This is a very good question. Many are dismayed to see folks refer to the place where their ancestor came from in 1875 as "Czechoslovakia" for the reason you mention -- it didn't exist until 1918. Others (like me) do not like to see Austria-Hungary, but technically it would be correct to include it. I use a style something like yours, but I leave out the South and North because I haven't got a good idea where the dividing line is, and the region where my ancestors came from is very narrow anyhow. I do make a point of getting the diacritical marks (accents, hooks, etc.). Mostiště, Moravia The point is that someone following your research can find the location. Consider also that mid 19th century spelling might have differed from contemporary spellings, or the record might use the German spelling. I use the contemporary one. Because the genealogy software tends to abbreviate reports if the location gets too long, I usually only enter the village, then Moravia or Bohemia.

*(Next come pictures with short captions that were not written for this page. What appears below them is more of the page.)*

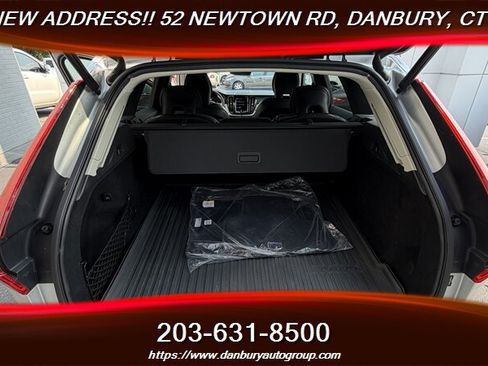 Used 2021 Volvo XC60 T5 Inscription w/ Protection Package AWD/4WD image 29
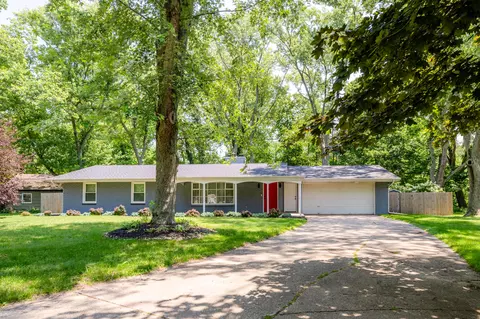 3365 Circle Dr, St. Joseph, MI 49085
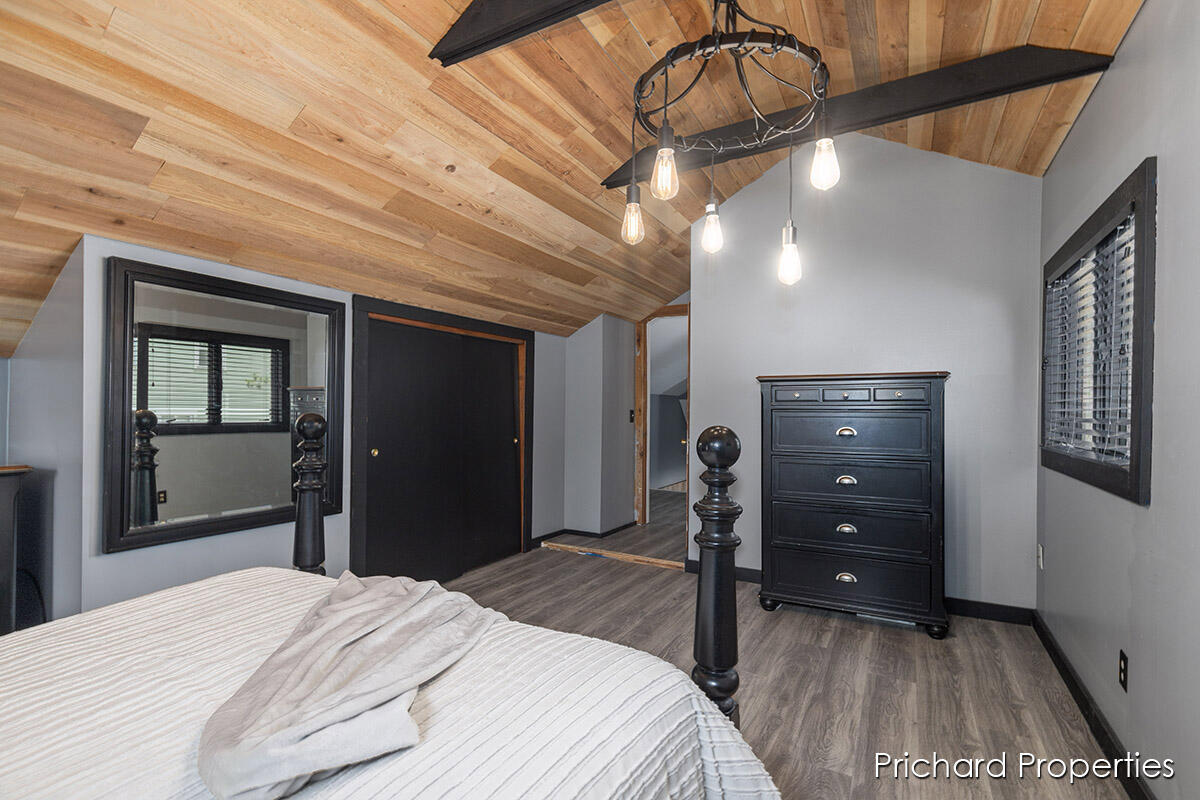 2207 Collingwood Avenue SW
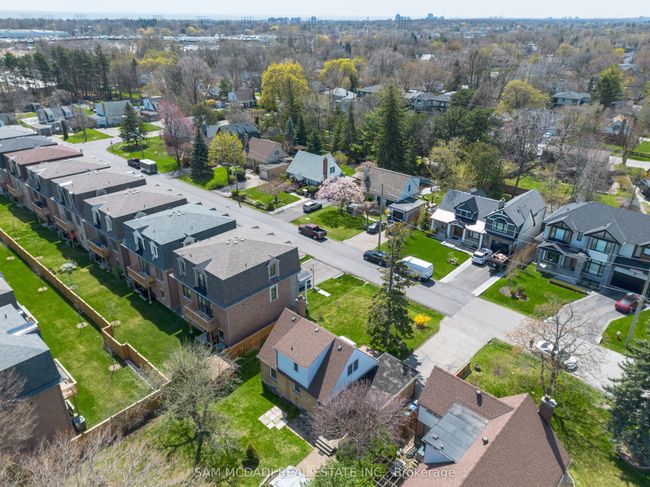 2127 Primate Rd, House other with 2 bedrooms, 2 bathrooms and 4 parking in Mississauga ON | Image 39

However, I have seen cases where the next larger town in the organization is also included, i.e. Mostiště, Žďár nad Sázavou, Moravia. This is helpful if your village is one of the dozens named Nová Ves. Historically this wasn't correct, however, as the next larger village back in the 1800s appeared to be Velké Meziříčí for Mostiště, for example.
Many comments have been made about the "changing boundaries" but my ancestors did not generally come from any village affected by this situation. I did run into a case where a person's grandmother was listed as coming from 4 different places in the US censuses. Sure enough, she was from a village right on the edge, and during each of those 10 years it changed from belonging to one of the Czech states, then Poland, then Germany, and finally Czechoslovakia. I had to read history to find that out. So it's possible that in one century the family village could have been in Moravia, but in another century, Bohemia. I do have one of those, literally on the border between Bohemia and Moravia. It seems that some of the books are in the Zamrsk archives and others in the Brno archives, but it might be because one set is Catholic, the other Evangelical. Or half the village might have been in Bohemia, the other half in Moravia. Fortunately, since this is back in the 1600s, if I find out that I've got the wrong country, I won't have to change many records.
On a similar note, what do American researchers do with female surnames? Do you use "ova" at the end? Or "in" as given in a German spelling record? (Svobodin, for example.) How about Latin spellings? Do you keep "Josephus" because it's that way in the record, or do you change it to "Josef"? How about "Franz", "Frantz", "Franc"? I know I am inconsistent here, having changed some to a Czech spelling, leaving others as in the document.